Comments (0) Africa, Business, Leaders, Middle East, Technology

Philip Bahoshy and his groundbreaking company MAGNiTT are revolutionizing the start-up industry. What’s interesting is that MAGNiTT is itself a start-up firm. So how is Bahoshy simultaneously helping new companies, while nurturing his own venture through its infancy period? Bahoshy, 31, was raised in the U.K and has Iraqi roots. He obtained a BSc in Economics from the prestigious London School of Economics which he completed in 2006. In 2007, Bahoshy made a move to Dubai to work for the highly regarded management consultancy firm Oliver Wyman, where he immersed himself in the corporate world. He then made a move to Barclays Wealth in 2010 to work as the chief of staff for the CEO of the Middle East and North Africa (MENA) region.

A start-up for start-ups

His high-flying corporate career bestowed him with an acute understanding of the business and investment landscape in the MENA space. Upon completion of his Master’s degree in 2013, Bahoshy was looking to go solo and start his own firm. Armed with a slew of business ideas, he was keen to get the ball rolling; however, he struggled to find investment, guidance and concept validation. After speaking with other start-ups, Bahoshy came to realize that although Dubai was a vibrant and energetic hub for all kinds of business people, new firms weren’t always making the right connections. He described this as “start-ups struggling in isolation.” This realization gave birth to MAGNiTT, which Bahoshy founded late in 2014. He envisaged building an online ecosystem that would make life easier for start-ups to find the various supports they need, while enabling external parties to identify fledgling firms that they are interested in. Initially, MAGNiTT solely focused on linking start-ups with investment. He explained: “We identified that the real pain point in the region is access to angel funding – basically $100,000 to $250,000.” He elaborated, explaining that start-ups often struggle making the transition from setting up the firm with their own capital, to developing a viable business that is ready for substantial investment from venture capitalists. Linking start-ups with angel investors is often critical if firms are to bridge this gap.

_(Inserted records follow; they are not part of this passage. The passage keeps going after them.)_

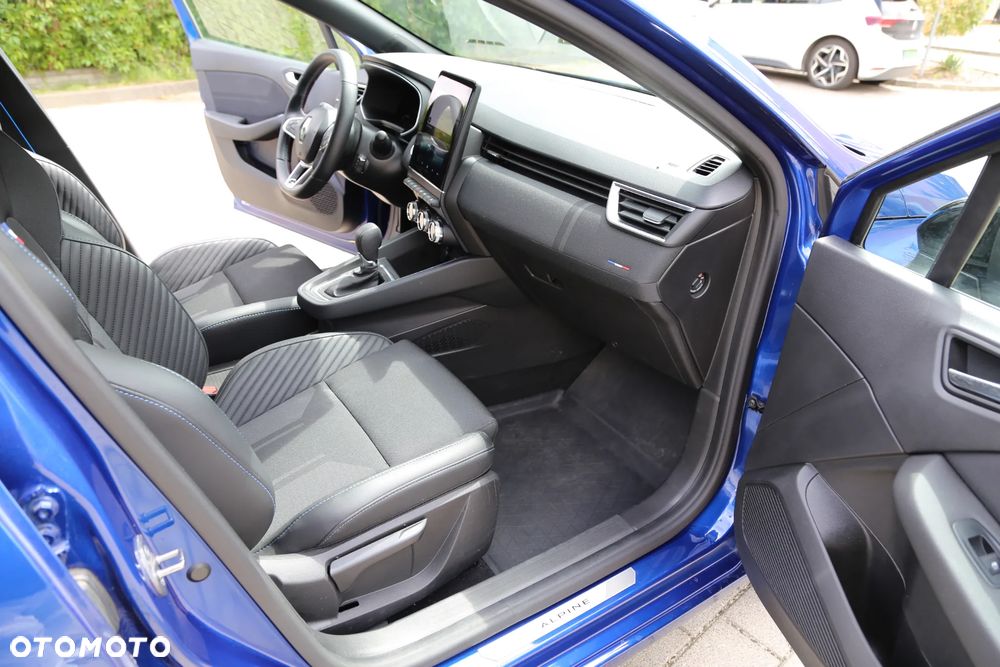 Renault Clio 1.6 E-TECH Full Hybrid 145 Esprit Alpine - 15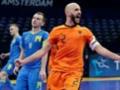 Украина с поражения стартовала на Евро-2022 по футзалу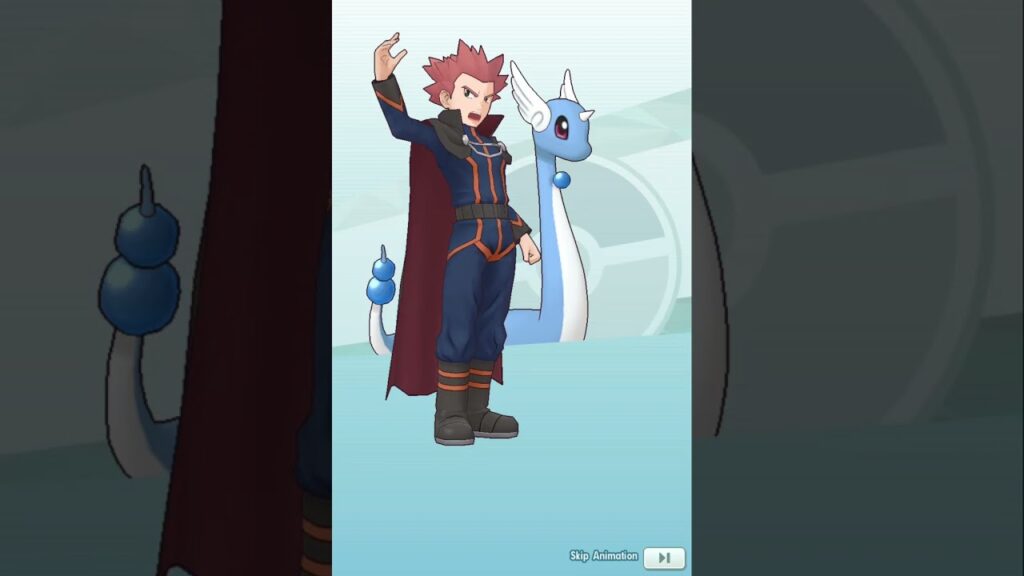 Pokemon Masters EX: Getting Mix Barry Before He Leaves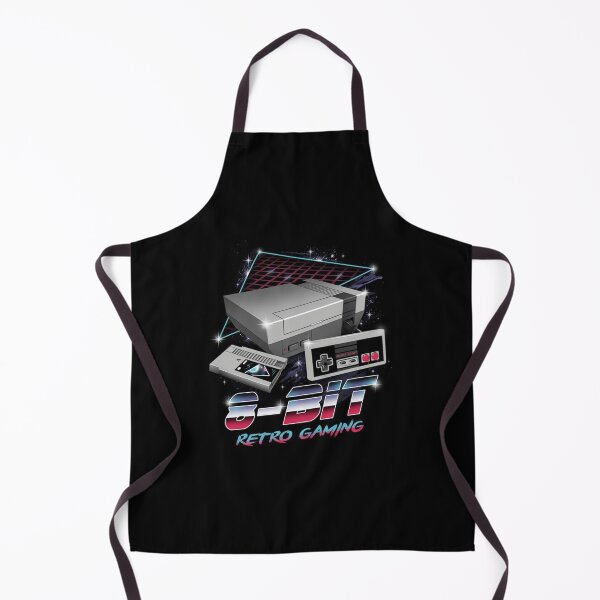 Item preview, 8-Bit Retro Gaming designed and sold by HeatherAGershon.
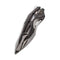 WEKNIFE Arrakis Flipper Knife Titanium Handle With Carbon Fiber Inlay (3.45" M390 Blade) | Freeshipping - We Knife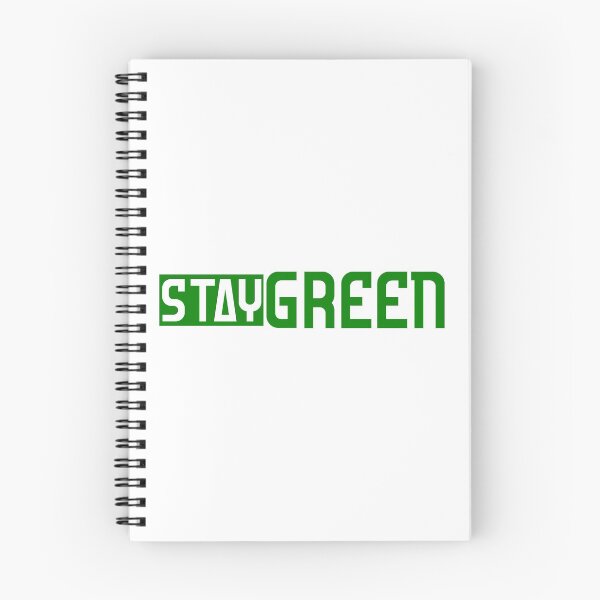 Item preview, Stay Green designed and sold by Mohammed Sohail Khan.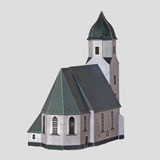 Model Kirche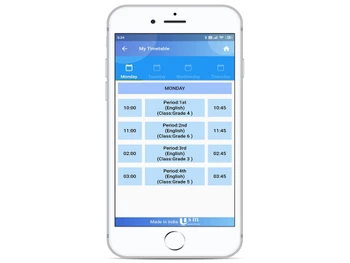 ultimate school manager timetable management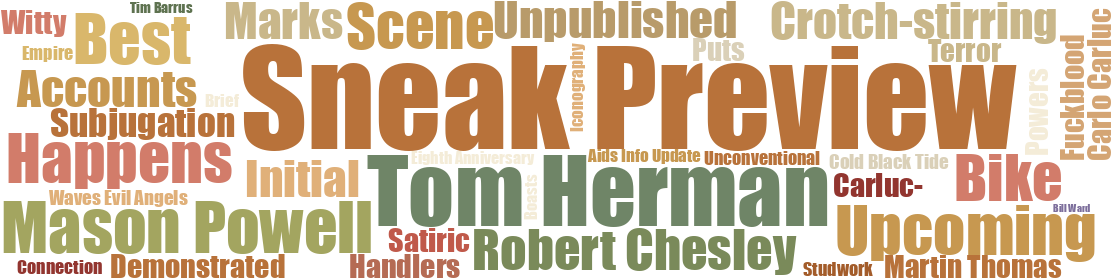 Word cloud — vol 67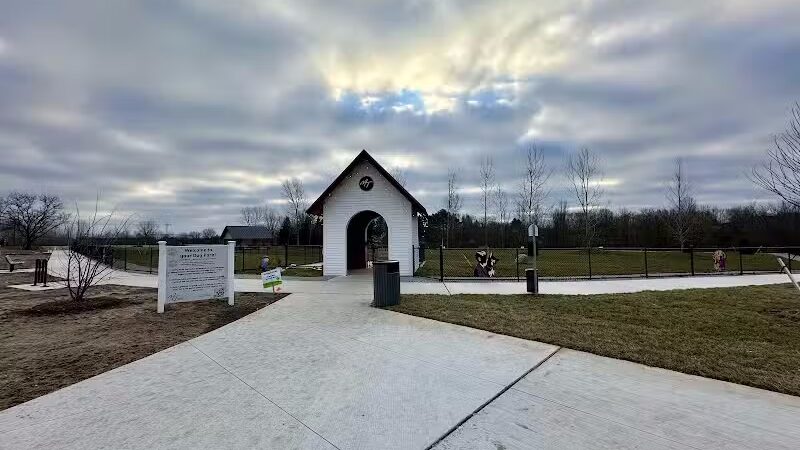 Pitchford Park - Macomb,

An online pitching platform and more

Bahoshy already had other ideas about how MAGNiTT could develop and provide further services. Firstly, he realized that it can be bewildering for investors and other parties when trying to identify start-ups, and that his product needed to work seamlessly. He focused on making MAGNiTT a streamlined online portal where start-ups have to outline the core concepts of their product. They have to succinctly present their business idea and the problem it solves, their elevator pitch, their target market, the competition, and finally, monetization. External parties can filter and search profiles for concepts they are interested in, analyze the product outline, access further information and ultimately connect with firms that they want to start a dialogue with. Bahoshy was already aware that start-ups need more than just funding to get off the ground. He focused on bringing mentors, accelerator programs, service providers and co-founders to the ecosystem. For start-ups, they can request what kind of support they are looking for. According to MAGNiTT’s data, 58% of start-ups on the site have listed that they are looking for mentorship, 56% are interested in showcasing supports, while 26% are looking for legal support or backing.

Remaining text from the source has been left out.